Assigned task: Retype only the stretch of lines that starts with the line containing "2026 Jeep Grand Cherokee Laredo Altitude" and ends with the last line of the records, both included, exactly.

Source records
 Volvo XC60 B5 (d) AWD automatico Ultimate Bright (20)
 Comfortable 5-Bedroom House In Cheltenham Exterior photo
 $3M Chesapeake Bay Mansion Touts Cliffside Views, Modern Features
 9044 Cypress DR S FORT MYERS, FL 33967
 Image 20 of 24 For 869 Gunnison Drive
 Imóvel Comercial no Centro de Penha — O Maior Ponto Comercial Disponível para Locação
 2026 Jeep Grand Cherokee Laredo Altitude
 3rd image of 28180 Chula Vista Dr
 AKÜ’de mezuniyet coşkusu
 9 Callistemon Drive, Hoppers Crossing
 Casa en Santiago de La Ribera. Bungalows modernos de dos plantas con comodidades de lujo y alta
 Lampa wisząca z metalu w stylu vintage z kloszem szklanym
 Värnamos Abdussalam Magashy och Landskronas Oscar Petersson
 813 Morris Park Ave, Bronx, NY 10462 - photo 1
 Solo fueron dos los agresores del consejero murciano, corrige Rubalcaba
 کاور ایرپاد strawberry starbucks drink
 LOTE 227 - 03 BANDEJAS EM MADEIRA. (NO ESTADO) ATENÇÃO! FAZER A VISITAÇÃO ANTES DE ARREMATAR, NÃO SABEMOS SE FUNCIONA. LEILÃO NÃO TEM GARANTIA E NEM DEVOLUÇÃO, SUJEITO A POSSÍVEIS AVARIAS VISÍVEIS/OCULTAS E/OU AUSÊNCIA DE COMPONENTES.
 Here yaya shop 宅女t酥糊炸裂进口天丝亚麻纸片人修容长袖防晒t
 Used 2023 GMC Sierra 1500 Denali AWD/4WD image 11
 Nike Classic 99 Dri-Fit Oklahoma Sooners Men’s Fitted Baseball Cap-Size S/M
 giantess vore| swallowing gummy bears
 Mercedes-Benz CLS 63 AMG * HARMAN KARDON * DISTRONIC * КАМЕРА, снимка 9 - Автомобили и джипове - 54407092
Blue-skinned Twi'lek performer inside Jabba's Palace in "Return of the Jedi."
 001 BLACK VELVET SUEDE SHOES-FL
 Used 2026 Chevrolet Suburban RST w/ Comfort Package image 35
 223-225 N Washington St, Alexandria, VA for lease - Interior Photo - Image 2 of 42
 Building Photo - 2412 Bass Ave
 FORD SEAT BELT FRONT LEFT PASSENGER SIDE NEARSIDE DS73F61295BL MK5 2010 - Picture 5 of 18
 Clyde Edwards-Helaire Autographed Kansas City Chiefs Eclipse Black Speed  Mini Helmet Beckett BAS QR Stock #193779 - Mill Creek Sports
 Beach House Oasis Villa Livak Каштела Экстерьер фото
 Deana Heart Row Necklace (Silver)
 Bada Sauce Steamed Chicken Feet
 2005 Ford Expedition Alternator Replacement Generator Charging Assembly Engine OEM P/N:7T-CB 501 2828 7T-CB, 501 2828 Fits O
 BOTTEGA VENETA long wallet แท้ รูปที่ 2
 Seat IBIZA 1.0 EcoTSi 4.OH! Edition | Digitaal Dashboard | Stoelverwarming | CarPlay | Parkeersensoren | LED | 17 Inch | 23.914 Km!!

Output:
 2026 Jeep Grand Cherokee Laredo Altitude
 3rd image of 28180 Chula Vista Dr
 AKÜ’de mezuniyet coşkusu
 9 Callistemon Drive, Hoppers Crossing
 Casa en Santiago de La Ribera. Bungalows modernos de dos plantas con comodidades de lujo y alta
 Lampa wisząca z metalu w stylu vintage z kloszem szklanym
 Värnamos Abdussalam Magashy och Landskronas Oscar Petersson
 813 Morris Park Ave, Bronx, NY 10462 - photo 1
 Solo fueron dos los agresores del consejero murciano, corrige Rubalcaba
 کاور ایرپاد strawberry starbucks drink
 LOTE 227 - 03 BANDEJAS EM MADEIRA. (NO ESTADO) ATENÇÃO! FAZER A VISITAÇÃO ANTES DE ARREMATAR, NÃO SABEMOS SE FUNCIONA. LEILÃO NÃO TEM GARANTIA E NEM DEVOLUÇÃO, SUJEITO A POSSÍVEIS AVARIAS VISÍVEIS/OCULTAS E/OU AUSÊNCIA DE COMPONENTES.
 Here yaya shop 宅女t酥糊炸裂进口天丝亚麻纸片人修容长袖防晒t
 Used 2023 GMC Sierra 1500 Denali AWD/4WD image 11
 Nike Classic 99 Dri-Fit Oklahoma Sooners Men’s Fitted Baseball Cap-Size S/M
 giantess vore| swallowing gummy bears
 Mercedes-Benz CLS 63 AMG * HARMAN KARDON * DISTRONIC * КАМЕРА, снимка 9 - Автомобили и джипове - 54407092
Blue-skinned Twi'lek performer inside Jabba's Palace in "Return of the Jedi."
 001 BLACK VELVET SUEDE SHOES-FL
 Used 2026 Chevrolet Suburban RST w/ Comfort Package image 35
 223-225 N Washington St, Alexandria, VA for lease - Interior Photo - Image 2 of 42
 Building Photo - 2412 Bass Ave
 FORD SEAT BELT FRONT LEFT PASSENGER SIDE NEARSIDE DS73F61295BL MK5 2010 - Picture 5 of 18
 Clyde Edwards-Helaire Autographed Kansas City Chiefs Eclipse Black Speed  Mini Helmet Beckett BAS QR Stock #193779 - Mill Creek Sports
 Beach House Oasis Villa Livak Каштела Экстерьер фото
 Deana Heart Row Necklace (Silver)
 Bada Sauce Steamed Chicken Feet
 2005 Ford Expedition Alternator Replacement Generator Charging Assembly Engine OEM P/N:7T-CB 501 2828 7T-CB, 501 2828 Fits O
 BOTTEGA VENETA long wallet แท้ รูปที่ 2
 Seat IBIZA 1.0 EcoTSi 4.OH! Edition | Digitaal Dashboard | Stoelverwarming | CarPlay | Parkeersensoren | LED | 17 Inch | 23.914 Km!!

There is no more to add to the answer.